Plaintiffs next present a series of documents ranging from 1967 to 1985. These documents include a 1967 booklet entitled Your Family Security Program, as well as summary plan descriptions ("SPD") that each reiterate descriptions of Plan A's benefits. (Pls.' Mot. 5-7.) None include language that can be read to contractually vest Plaintiffs' benefits. Plaintiffs again point the Court to the insurance termination clauses contained in these documents, but for the reasons stated above, these are insufficient to create a promise to vest. Bouboulis, 442 F.3d at 61. Moreover, unlike the 1974 Certificate, the clauses Plaintiffs point to in these documents do state that the life insurance policy would end "[u]pon termination of the plan." (Pls.' Ex. A, p.11.) Such language has been understood to reserve the employer's right to terminate the plan and therefore proves the very opposite of what Plaintiffs seek. See American Federation of Grain Millers, AFL-CIO v. Int'l Multifoods Corp., 116 F.3d 976, 982 (2d Cir. 1997) (""Multifoods"). Where an SPD preserves the employer's right to terminate the plan, benefits contained therein do not vest. See id.

In Multifoods the insurance policy specified that "The coverage . . . will terminate . . . if this Health and Welfare Plan is discontinued." American Federation of Grain Millers, AFL-CIO v. Int'l Multifoods Corp., 1996 WL 378175, at *3 (W.D.N.Y. 1996).

Plaintiffs next turn to a 1992 SPD. (Pls.' Mot. 15.) This document, however, contains an even more express reservation of rights clause, and states that "Niagara Mohawk Power Corporation reserves the right to change or end [the policy] at any time." (Pls.' Mot. 15.) Even were Plaintiffs able to point this Court to a promise of lifetime life insurance coverage within this document, Plaintiffs' benefits would not vest. As the court held in Abbruscato, where SPD language clearly reserves an employer's right to amend or terminate coverage, an SPD "is not susceptible to an interpretation that promises vested life insurance benefits," even where the same document contains a promise of lifetime benefits. 274 F.3d at 99.

Finally, Plaintiffs present a 1997 SPD. (Pls.' Mot. 8).
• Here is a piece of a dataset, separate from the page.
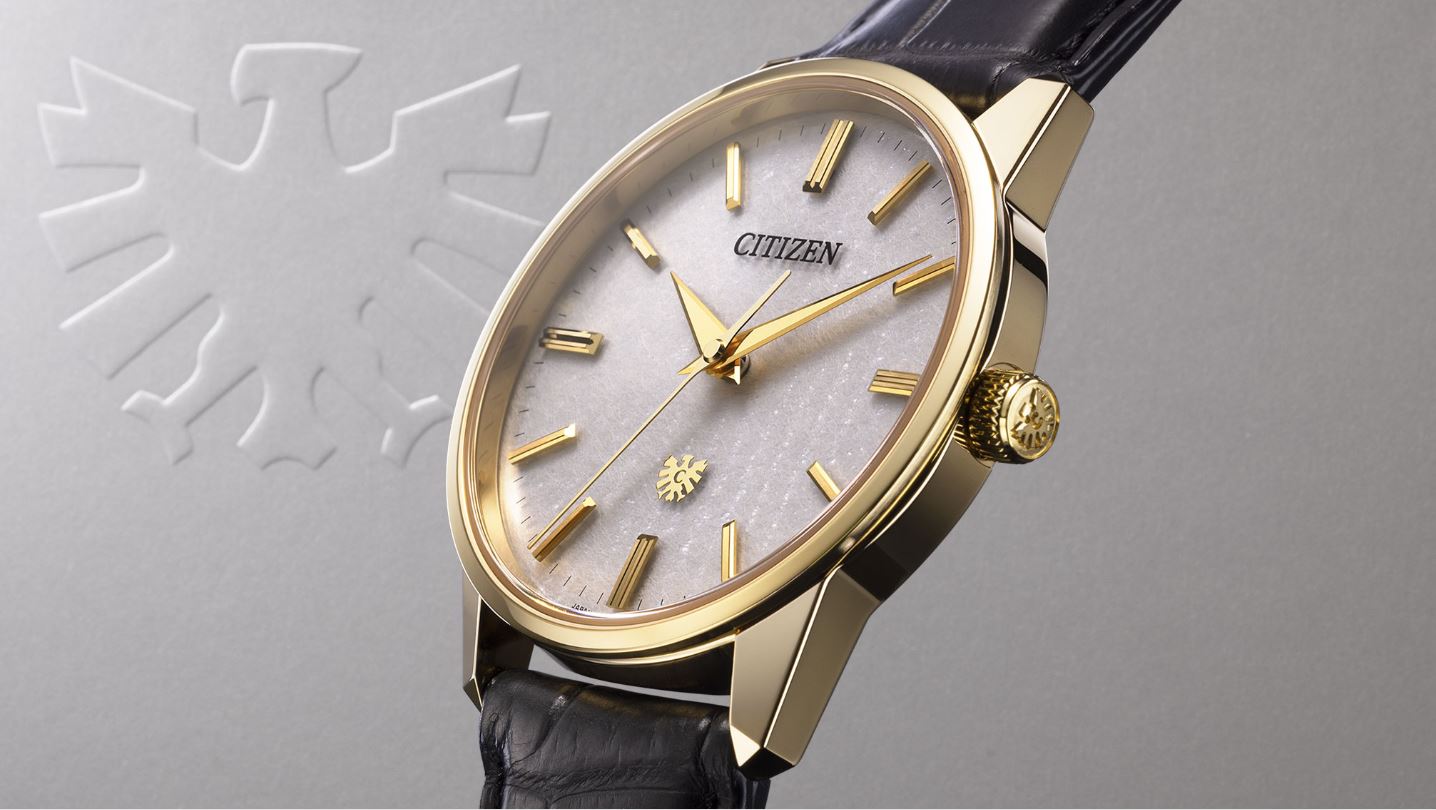 美品 CITIZEN エコドライブ 腕時計 E660-S118361 ザ・シチズン(The CITIZEN) 年差±1秒「エコ・ドライブ」 和紙文字板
This document, for the first time, uses express "lifetime" language of the kind that has been found to raise a question as to whether an employer has contractually vested benefit rights. (Pls. Ex. W, p.11 ("[I]f you retire at age 68 . . . [t]here would be two more reductions down to 50% where it would stay until your death.")) However, the same document contains a reservation of rights identical to that in the 1992 SPD. (Id.) As a result, this SPD also cannot be reasonably read to vest Plaintiffs' benefits. See Abbruscato, 274 F.3d at 99.

Plaintiffs' also present extrinsic evidence to clarify ambiguity in the plan in favor of their interpretation. (Pls.' Mot. 10-11). However, because this Court determines that there is no ambiguity in the above-cited documents, this Court need not consider extrinsic evidence in resolving their meaning. See Abbruscato, 274 F.3d at 98.

In addition to arguing that the language of the various SPDs demonstrates a vested promise to pay benefits, Plaintiffs argue that a unilateral contract was created between them and Defendant Niagara Mohawk in 1982 and 1992 when Defendant offered Plaintiffs the option of retaining Plan A life insurance coverage. (Pls.' Mot. 11). Plaintiffs allege that they accepted Defendants' offer in 1982 by making a one-time election to retain Plan A and foregoing Plan B. (Id. at 12-13.) Alternatively, Plaintiffs allege they accepted Defendants unilateral contract offer in 1992 by purchasing the supplemental insurance coverage Defendant Niagara Mohawk required for beneficiaries to retain Plan A. (Id. at 13-16).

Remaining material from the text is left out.